─── Recorded information
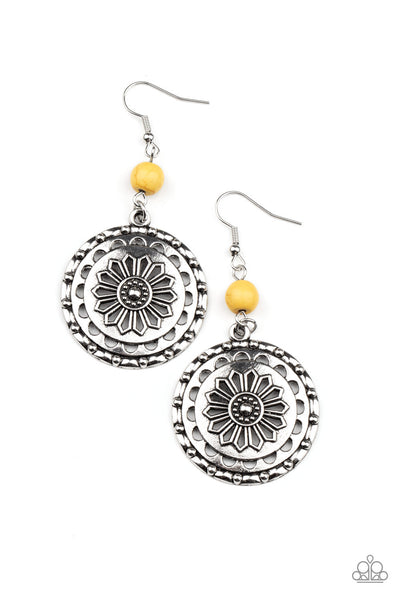 Paparazzi Earring - Flowering Frontiers  - Yellow
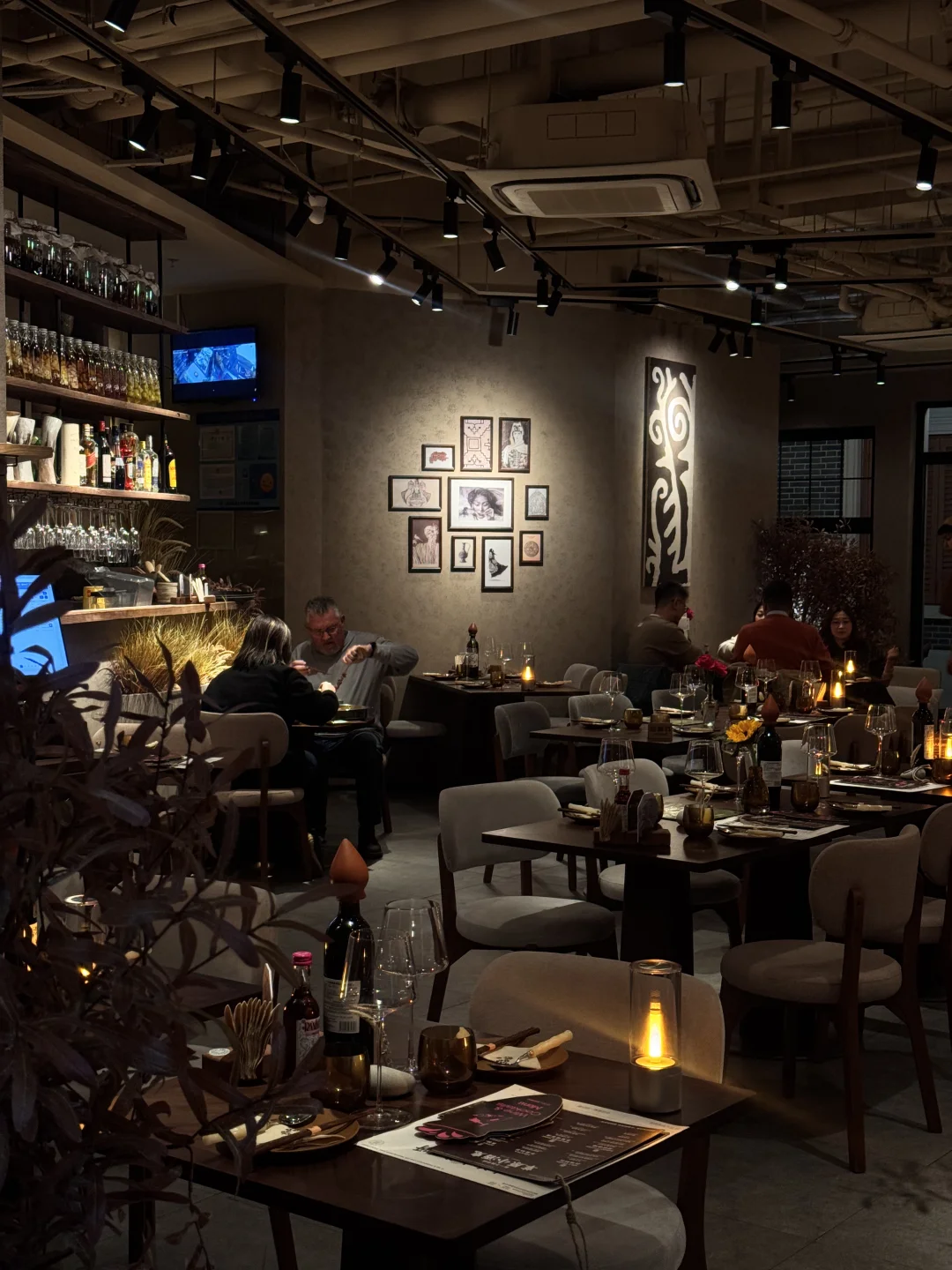 上海新开的！！新疆菜bistro美到窒息🥹……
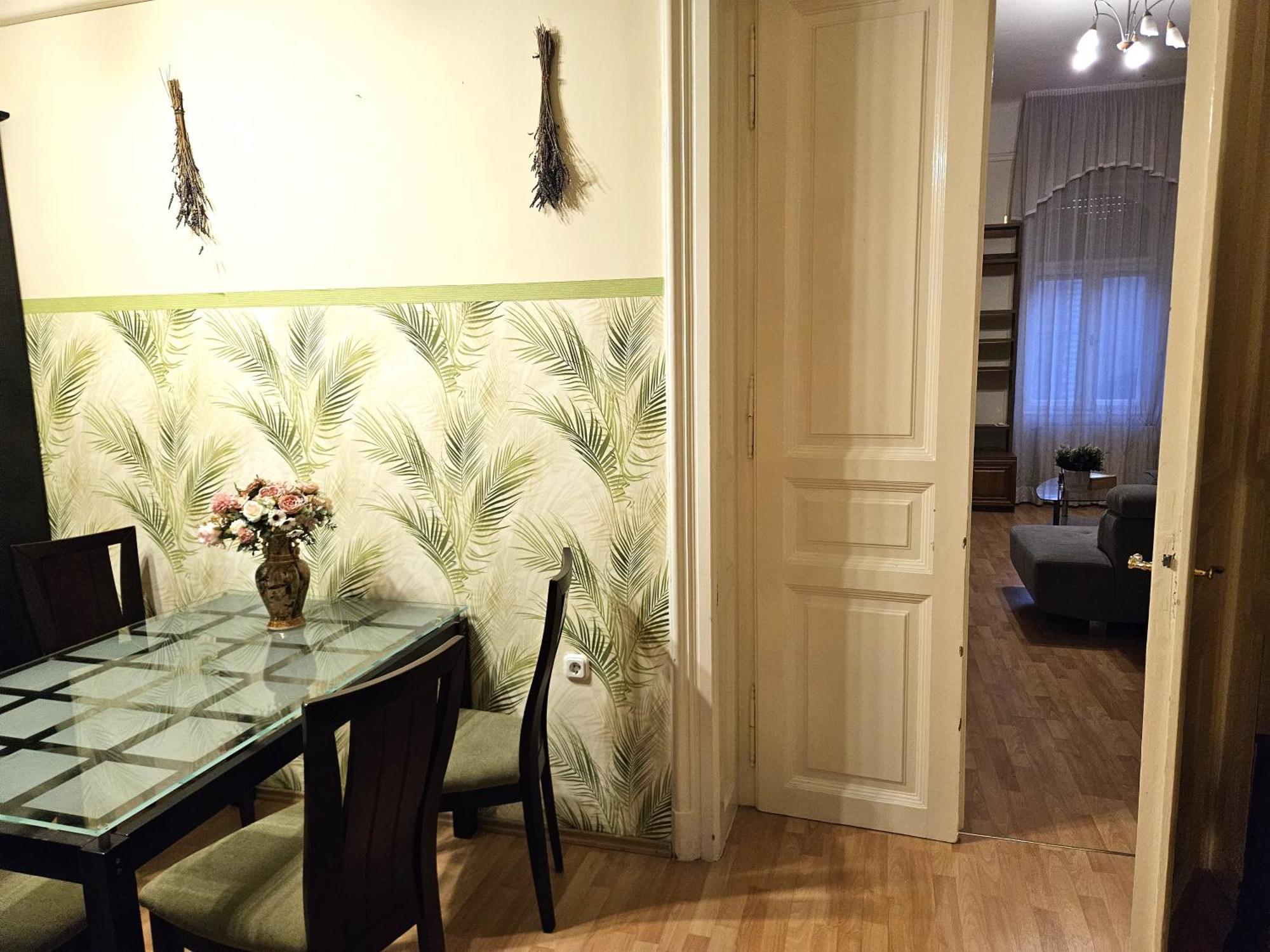 Apartment Cozy And Near Kalvin Square Budapest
──────
Exercise aim:
Whenever you reach a picture, pass over it; print all the other material exactly.

Result for this exercise:
 Paparazzi Earring - Flowering Frontiers  - Yellow
 上海新开的！！新疆菜bistro美到窒息🥹……
 Apartment Cozy And Near Kalvin Square Budapest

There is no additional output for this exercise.